Sunday, June 14, 2015

My Guide to Eating Out in Gwalior - By Amit Patnaik

Gwalior - a city whose fate passed from one dynasty to another through the ages - from the Tomars through the Mughals to the present-day monarch-turned politicians, the Scindias. The influence of this historical game of thrones is as vividly visible on it’s food as it is on the walls of it’s imposing fortress.

While the typical artery-clogging staples of the Northern Plains - Bedai, Boondi Ladoo and Kachoris vindicate its geographic location, the ubiquitous carts peddling Poha, Dabeli and even Vada Pao attest to the Maratha heritage of its last monarchs. Dining out in Gwalior would be incomplete without hogging on rich Mughlai Qormas and Kebabs at some of its old school restaurants like Kwality and Volga. 

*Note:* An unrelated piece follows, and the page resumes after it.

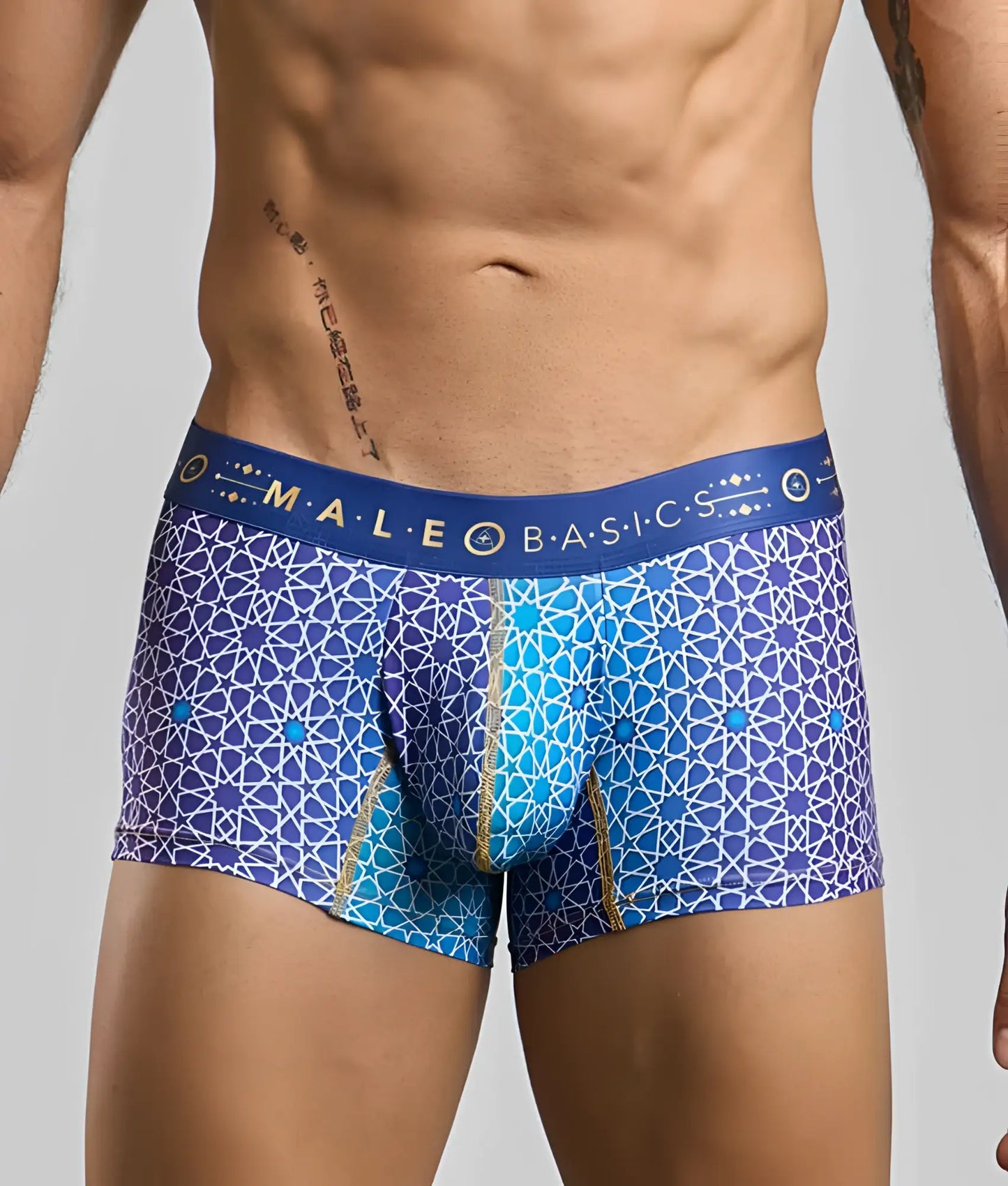 New malebasics trunk hipster blue and purple geometric patterned men’s boxer briefs with male basic waistband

After arriving in the region for an official assignment last winter (here’s how), I soon took a liking to Gwalior. As the mustard fields turned from green to a sea of yellow, finally withering away into the dust, my days in the city led to an evolution of my own. Here I spent many a sunny noon roaming about medieval forts and regal palaces, sometimes on foot and at times on a Tonga. Much of my time was spent seeking out the best food in the city - in old bazaars, chowpattis and melas. It is here that I first started this blog, perhaps a decision that might have changed the course of my life forever.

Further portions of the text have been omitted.